The above findings suggest the possibility that adiponectin might be an endocrine factor responsible for linking the excessive accumulation of visceral fat directly with onset of insulin resistance. Therefore, blood adiponectin level is considered a predictive factor for the onset of diabetes or arteriosclerosis, and measurements of such levels are expected to serve as a useful indicator of lifestyle-related diseases.
According to a method for determining the total amount of various multimers of adiponectin contained in a blood sample, a sample is boiled in the presence of sodium dodecylsulfate (SDS) to expose antibody-recognizing sites of various multimers which have been hidden stereostructually, and then immunoassay is performed (Patent Document 1). However, this method has some problems in that it requires an apparatus for boiling treatment (100° C.) and it is also actually difficult to make itself available to automation of two steps; i.e., boiling treatment and subsequent immunoassay.
A kit called “HUMAN ADIPONECTIN RIA KIT” (Cat. #HADP-61HK) is commercially available (LINCO RESEARCH, INC.). However, given that the kit utilizes the two-antibodies/PEG method, in which 125I-labelled mouse adiponectin and human adiponectin are competed and anti-adiponectin polyclonal antibody is used for capture, it should be noted that handling of this kit is cumbersome, and in addition, there remain concerns about safety, specificity, and quality of the reagents. In order to make it possible that the specificity in the above method established on the basis of the competitive reaction continues to be constant, there is need for the conditions under which the reactivity of anti-adiponectin polyclonal antibody against the 125I-labelled mouse adiponectin and various human adiponectin multimers continue to be constant. However, as described before, a biological sample contains various multimers in a mixed state, and the proportions of the respective multimers vary. Thus, this kit essentially involves the problem that total adiponectin cannot be measured accurately.

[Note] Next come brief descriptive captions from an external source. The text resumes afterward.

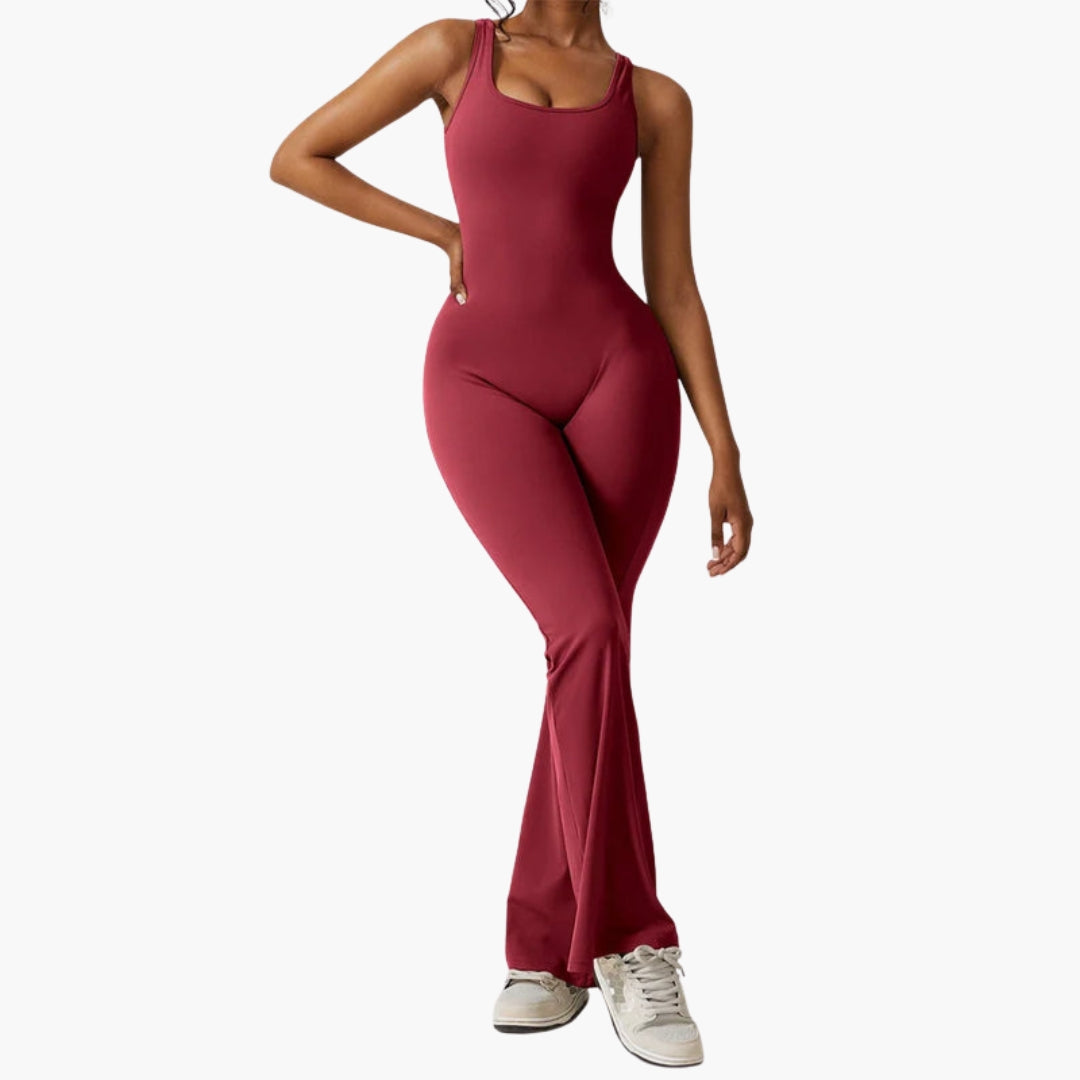 Women's jumpsuit with rounded collar and open back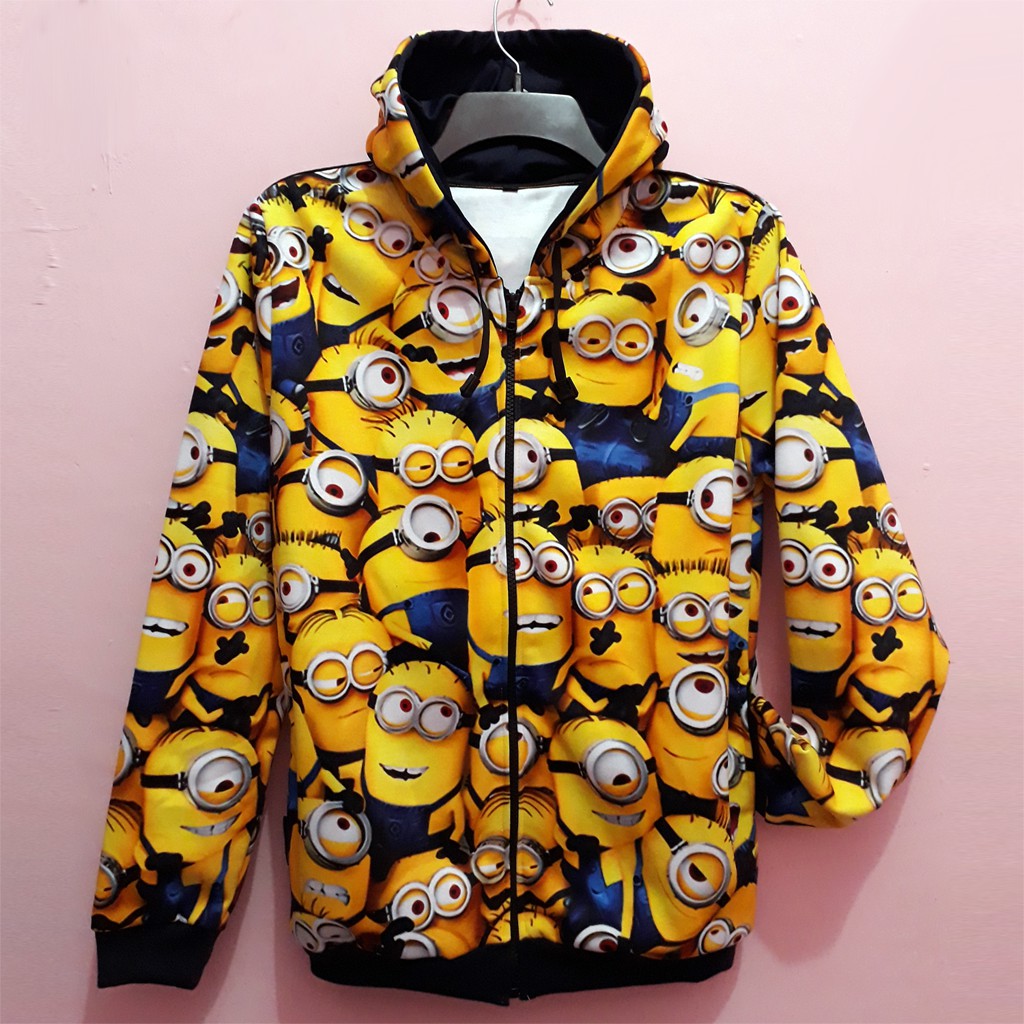 Minions Croded Patron Chamarra Con Capucha Impresion Sublime Completa Material Suave Y Grueso Puede Personalizar La Esc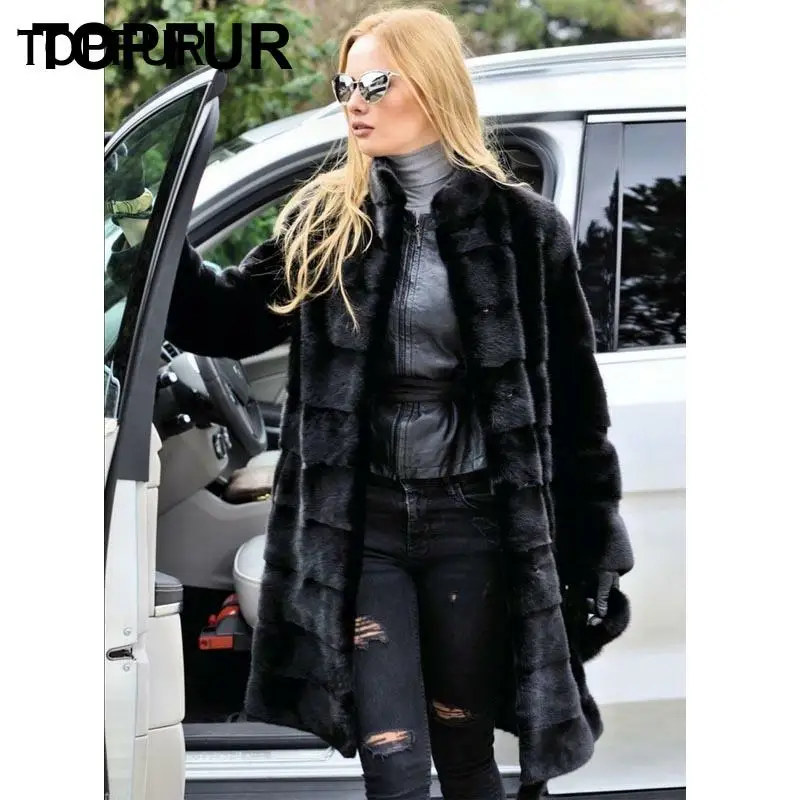 Женская шуба из натурального меха норки длинная на рост 100 см | одежда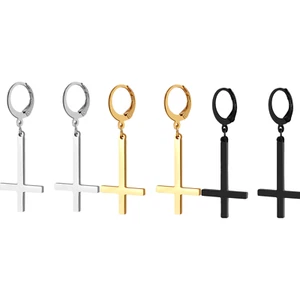 3 Pairs Upside Down Cross Hoop Earrings Inverted Cross Dangle Drop Earrings Set - Picture 1 of 11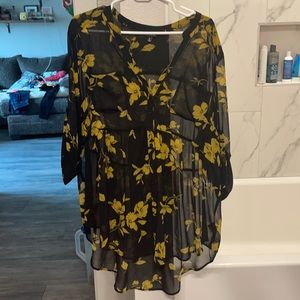 Torrid long sheer floral blouse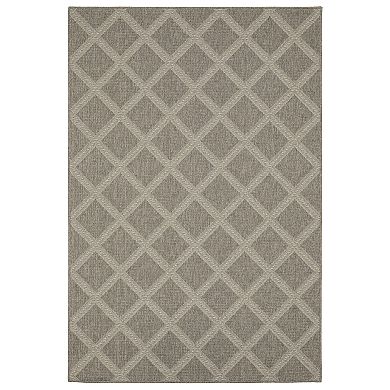StyleHaven Celeste Lattice Grey/Light Grey Indoor/Outdoor Area or Throw Rug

In addition, there is a prior art document disclosing a monoclonal antibody which recognizes non-denatured adiponectin having a specific stereostructure that has not been modified by any denaturation treatment with, for example, SDS or heat (see Patent Document 2, the adiponectin of this type is referred to as native adiponectin in this reference), and an assay method utilizing the monoclonal antibody (Patent Document 2). However, this method has the problem that total adiponectin of a biological sample cannot be measured accurately as it contains various multimers at varying proportions because the form of adiponectin present in a sample (for example, the number of trimers and trimer aggregation condition) affects reactivity of adiponectin with the above-mentioned monoclonal antibody.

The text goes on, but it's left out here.